-- Problem to solve --
Take the data below. Output it exactly from its first line through the line containing "4532 MANGROVE POINT RD".
------ Data for analysis ------
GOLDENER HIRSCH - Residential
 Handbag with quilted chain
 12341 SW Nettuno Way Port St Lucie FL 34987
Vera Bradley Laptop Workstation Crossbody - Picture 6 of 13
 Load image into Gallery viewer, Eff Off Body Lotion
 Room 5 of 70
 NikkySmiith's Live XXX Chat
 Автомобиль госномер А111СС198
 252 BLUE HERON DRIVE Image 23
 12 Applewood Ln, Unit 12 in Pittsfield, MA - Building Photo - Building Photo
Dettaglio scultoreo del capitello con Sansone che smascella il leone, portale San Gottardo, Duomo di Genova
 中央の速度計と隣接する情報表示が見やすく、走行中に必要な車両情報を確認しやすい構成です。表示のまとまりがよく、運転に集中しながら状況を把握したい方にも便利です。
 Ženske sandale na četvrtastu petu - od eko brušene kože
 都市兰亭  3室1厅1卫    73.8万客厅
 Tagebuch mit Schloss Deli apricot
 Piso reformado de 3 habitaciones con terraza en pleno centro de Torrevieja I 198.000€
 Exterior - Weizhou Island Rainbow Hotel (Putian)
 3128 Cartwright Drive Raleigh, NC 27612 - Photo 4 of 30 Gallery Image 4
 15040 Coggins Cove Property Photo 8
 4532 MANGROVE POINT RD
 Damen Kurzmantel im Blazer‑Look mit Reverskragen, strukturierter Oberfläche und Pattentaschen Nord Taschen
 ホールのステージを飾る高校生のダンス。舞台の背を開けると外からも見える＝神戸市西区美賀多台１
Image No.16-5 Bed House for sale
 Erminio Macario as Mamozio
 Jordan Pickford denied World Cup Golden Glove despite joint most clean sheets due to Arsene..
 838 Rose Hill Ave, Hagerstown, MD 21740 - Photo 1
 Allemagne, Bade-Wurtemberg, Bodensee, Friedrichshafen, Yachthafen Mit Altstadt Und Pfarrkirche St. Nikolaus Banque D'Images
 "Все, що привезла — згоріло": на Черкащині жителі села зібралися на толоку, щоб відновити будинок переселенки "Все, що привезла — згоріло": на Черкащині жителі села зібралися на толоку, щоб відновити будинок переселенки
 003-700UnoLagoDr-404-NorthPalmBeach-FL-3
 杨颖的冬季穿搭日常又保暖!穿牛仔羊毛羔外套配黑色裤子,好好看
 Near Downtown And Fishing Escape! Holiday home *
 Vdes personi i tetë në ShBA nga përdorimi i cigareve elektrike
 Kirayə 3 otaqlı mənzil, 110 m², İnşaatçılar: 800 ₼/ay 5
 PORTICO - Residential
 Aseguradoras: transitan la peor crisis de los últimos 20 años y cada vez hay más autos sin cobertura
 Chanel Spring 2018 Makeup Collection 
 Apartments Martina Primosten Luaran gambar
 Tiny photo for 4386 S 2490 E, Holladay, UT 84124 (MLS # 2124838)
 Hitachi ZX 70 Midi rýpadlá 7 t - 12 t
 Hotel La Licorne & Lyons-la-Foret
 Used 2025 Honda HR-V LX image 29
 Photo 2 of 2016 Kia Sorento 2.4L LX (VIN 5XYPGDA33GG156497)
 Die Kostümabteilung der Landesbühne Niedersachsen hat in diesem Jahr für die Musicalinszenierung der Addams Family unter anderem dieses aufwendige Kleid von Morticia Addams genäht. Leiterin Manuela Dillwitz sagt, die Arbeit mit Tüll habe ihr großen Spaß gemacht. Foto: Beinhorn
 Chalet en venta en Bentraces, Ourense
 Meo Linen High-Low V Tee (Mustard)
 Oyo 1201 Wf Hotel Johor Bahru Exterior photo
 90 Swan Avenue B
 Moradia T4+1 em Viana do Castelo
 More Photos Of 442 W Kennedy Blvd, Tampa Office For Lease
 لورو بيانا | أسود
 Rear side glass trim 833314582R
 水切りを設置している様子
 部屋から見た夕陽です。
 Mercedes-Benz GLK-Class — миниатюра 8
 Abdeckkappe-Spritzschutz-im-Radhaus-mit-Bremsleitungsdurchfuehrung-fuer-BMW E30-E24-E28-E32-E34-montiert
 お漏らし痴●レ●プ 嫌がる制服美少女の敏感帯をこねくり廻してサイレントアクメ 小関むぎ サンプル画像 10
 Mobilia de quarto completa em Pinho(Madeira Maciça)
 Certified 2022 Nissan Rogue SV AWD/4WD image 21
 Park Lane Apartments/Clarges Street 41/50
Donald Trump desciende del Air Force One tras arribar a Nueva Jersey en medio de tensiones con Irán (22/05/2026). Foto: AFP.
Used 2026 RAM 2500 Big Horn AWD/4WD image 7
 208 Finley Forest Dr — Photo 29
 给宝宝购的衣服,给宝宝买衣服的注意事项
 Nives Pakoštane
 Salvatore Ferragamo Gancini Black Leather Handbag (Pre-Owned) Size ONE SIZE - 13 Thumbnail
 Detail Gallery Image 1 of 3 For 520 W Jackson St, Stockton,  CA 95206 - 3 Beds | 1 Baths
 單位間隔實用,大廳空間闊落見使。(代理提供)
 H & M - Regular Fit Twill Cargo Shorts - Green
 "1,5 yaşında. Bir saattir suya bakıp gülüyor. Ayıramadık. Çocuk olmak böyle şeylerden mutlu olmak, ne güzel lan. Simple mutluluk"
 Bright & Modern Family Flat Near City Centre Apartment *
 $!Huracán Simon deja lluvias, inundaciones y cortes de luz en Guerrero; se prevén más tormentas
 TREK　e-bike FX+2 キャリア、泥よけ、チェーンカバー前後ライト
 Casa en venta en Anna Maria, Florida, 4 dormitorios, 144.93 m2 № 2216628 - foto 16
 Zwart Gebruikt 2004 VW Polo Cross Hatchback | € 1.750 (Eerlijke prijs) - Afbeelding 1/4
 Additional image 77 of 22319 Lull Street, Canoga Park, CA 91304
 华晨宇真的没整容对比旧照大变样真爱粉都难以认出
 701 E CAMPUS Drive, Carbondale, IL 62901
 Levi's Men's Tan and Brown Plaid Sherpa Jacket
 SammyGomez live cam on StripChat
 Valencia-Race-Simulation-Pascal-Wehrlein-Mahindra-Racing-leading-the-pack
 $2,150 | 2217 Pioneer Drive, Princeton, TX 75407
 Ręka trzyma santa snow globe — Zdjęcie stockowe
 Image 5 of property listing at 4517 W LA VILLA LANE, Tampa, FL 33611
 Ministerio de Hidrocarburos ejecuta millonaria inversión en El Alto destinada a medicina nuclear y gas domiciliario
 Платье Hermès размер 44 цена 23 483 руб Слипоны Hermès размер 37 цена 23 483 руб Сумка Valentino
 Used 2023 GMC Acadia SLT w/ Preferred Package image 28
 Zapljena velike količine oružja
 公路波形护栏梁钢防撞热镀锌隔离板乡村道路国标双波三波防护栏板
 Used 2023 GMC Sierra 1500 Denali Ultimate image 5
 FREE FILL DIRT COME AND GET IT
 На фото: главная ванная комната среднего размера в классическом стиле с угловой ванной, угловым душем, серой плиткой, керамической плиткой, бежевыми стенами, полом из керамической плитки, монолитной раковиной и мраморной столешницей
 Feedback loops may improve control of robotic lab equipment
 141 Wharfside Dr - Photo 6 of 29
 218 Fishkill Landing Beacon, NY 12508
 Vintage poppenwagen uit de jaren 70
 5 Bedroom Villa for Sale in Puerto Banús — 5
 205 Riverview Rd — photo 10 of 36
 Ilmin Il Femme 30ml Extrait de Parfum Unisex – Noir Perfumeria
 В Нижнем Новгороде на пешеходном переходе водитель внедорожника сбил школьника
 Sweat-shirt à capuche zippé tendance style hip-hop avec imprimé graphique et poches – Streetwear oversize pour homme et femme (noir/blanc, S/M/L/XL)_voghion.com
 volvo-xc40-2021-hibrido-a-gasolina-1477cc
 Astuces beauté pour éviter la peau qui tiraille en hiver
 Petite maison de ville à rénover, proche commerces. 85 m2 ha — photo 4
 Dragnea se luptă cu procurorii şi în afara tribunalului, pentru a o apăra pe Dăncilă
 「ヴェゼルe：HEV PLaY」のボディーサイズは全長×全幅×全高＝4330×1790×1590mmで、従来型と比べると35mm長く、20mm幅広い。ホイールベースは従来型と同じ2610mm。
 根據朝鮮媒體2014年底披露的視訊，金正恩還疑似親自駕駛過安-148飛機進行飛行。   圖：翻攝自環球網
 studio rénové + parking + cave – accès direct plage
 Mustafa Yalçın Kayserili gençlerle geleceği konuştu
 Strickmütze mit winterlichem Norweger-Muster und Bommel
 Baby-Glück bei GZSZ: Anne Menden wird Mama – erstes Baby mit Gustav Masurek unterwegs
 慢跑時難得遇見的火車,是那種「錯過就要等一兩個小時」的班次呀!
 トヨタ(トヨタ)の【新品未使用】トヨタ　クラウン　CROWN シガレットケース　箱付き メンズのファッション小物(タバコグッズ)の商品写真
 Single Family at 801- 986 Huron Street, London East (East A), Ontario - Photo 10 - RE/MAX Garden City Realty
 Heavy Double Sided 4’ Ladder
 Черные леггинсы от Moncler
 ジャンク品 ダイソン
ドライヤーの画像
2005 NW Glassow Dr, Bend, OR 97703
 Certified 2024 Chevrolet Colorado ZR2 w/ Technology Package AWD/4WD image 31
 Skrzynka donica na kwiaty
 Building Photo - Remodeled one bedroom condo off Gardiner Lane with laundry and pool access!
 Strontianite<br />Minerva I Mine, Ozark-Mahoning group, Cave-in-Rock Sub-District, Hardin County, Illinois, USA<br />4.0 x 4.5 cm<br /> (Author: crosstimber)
------
-- Finished task --
GOLDENER HIRSCH - Residential
 Handbag with quilted chain
 12341 SW Nettuno Way Port St Lucie FL 34987
Vera Bradley Laptop Workstation Crossbody - Picture 6 of 13
 Load image into Gallery viewer, Eff Off Body Lotion
 Room 5 of 70
 NikkySmiith's Live XXX Chat
 Автомобиль госномер А111СС198
 252 BLUE HERON DRIVE Image 23
 12 Applewood Ln, Unit 12 in Pittsfield, MA - Building Photo - Building Photo
Dettaglio scultoreo del capitello con Sansone che smascella il leone, portale San Gottardo, Duomo di Genova
 中央の速度計と隣接する情報表示が見やすく、走行中に必要な車両情報を確認しやすい構成です。表示のまとまりがよく、運転に集中しながら状況を把握したい方にも便利です。
 Ženske sandale na četvrtastu petu - od eko brušene kože
 都市兰亭  3室1厅1卫    73.8万客厅
 Tagebuch mit Schloss Deli apricot
 Piso reformado de 3 habitaciones con terraza en pleno centro de Torrevieja I 198.000€
 Exterior - Weizhou Island Rainbow Hotel (Putian)
 3128 Cartwright Drive Raleigh, NC 27612 - Photo 4 of 30 Gallery Image 4
 15040 Coggins Cove Property Photo 8
 4532 MANGROVE POINT RD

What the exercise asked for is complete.